I really didn't want to have to post about this, because let's face it...for the better part of a 4 months, the majority of my blog posts were about my ridiculous battle with weight.  However, it has come to my attention that I have a serious problem here.  I tortured myself to lose weight from April to September of 2010, and managed to lose a little less than 50 pounds while essentially starving.  Sounds absolutely crazy, but hell...it worked!

I got my insulin resistance under control, broke up with my bariatric doctor, and figured that I could go it alone on Weight Watchers.  I figured that if I could have enough restraint to not eat for 4 months, I could probably handle eating reasonably within a set daily points value.  Here I am, a little more than 8 months after rejoining the normal human beings who eat, and I've gained 20 of those almost 50 pounds back. 

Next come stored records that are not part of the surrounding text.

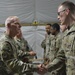 56th SBCT presents coins to GTA range operations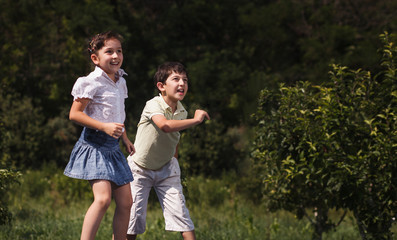 Multi-ethnic children playing ball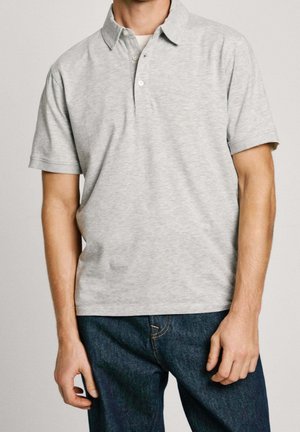 Mann trägt hellgraues kurzärmeliges Poloshirt und dunkelblaue Jeans, steht mit locker hängenden Armen seitlich vor einfarbigem Hintergrund.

I wanted to blog about this for a number of reasons:
  1. Putting it in writing makes it real.  I think that I kept shrugging off the pound here or there thinking "Oh, it's okay.  Of course I'm going to gain a little weight!  I went from not eating to eating...it's totally natural!"  I don't think 20 pounds over 8 months is normal or natural.  I am not, afterall, with child.
  2. Putting it in writing makes me take responsibility for my actions.  At first, I thought that I deserved to give myself some time off from dieting.  I deserved a slice of cheesecake, didn't I?  I mean, I worked SO hard!  I think that the problem was that I told myself that I would indulge on special occasons.  Well, let's just say I interpreted the meaning of "special occasion" extremely loosely.  I'm fairly certain that no one else would consider the last day of aunt flo's visit a "special occasion."
  3. I need some serious accountability here.  I thought that doing Weight Watchers would be enough.  I didn't think I needed to go to the meetings.  Again...WRONG!  Apparently, my crazy mind works such that I require the accountability of standing on the scale and having someone judge me if I gain or don't lose.  Thus, I have started going to meetings.
  4. I have every bit of support that I need, so what's the freaking problem???  Not only do I have several friends who are doing Weight Watchers, I even duped my fantastic husband into doing it.  Not only is he doing it, he's coming to meetings with me, and he's kind of a point counting nazi.  I've almost created a monster.
  5. I think that saying all of this publicly (even if only 4 people read my blog) will hopefully help me recommit to this.  I firmly believe that I can do this.  If I could survive 4 months of starvation, I should be able to do this with my eyes closed!  I should be able to do ANYTHING!
So there it is, my recommitment to doing this.  My goal is to lose the weight that I've put on in 10 weeks.  That means that I need to lose an average of 2 pounds a week.  That's a pretty aggressive goal, but I think I can do it.  I also commit to telling you all about my progress.  I've noticed that when I have a good week, I'm eager to share it.  When I have a bad week, I keep my fingers crossed that no one asks.  I guess it'll be good for me to just own it (good or bad)

So here's what you've missed since I started the WW journey again:

Week 1: down 2.7
Week 2: down 2
Week 3: up 7.6 (thanks a lot, VEGAS!...)
Week 4: down 4.6 (thanks mom, for making me eat nothing but veggies for a week :)
Week 5: down 2
Week 6: up 4.6 (Thanks a lot L.A.)

For those of you keeping track, that means in 6 weeks, I'm roughly nowhere.  Might as well start with a clean slate.

I'm about to kick it into high gear.  Wish me some luck!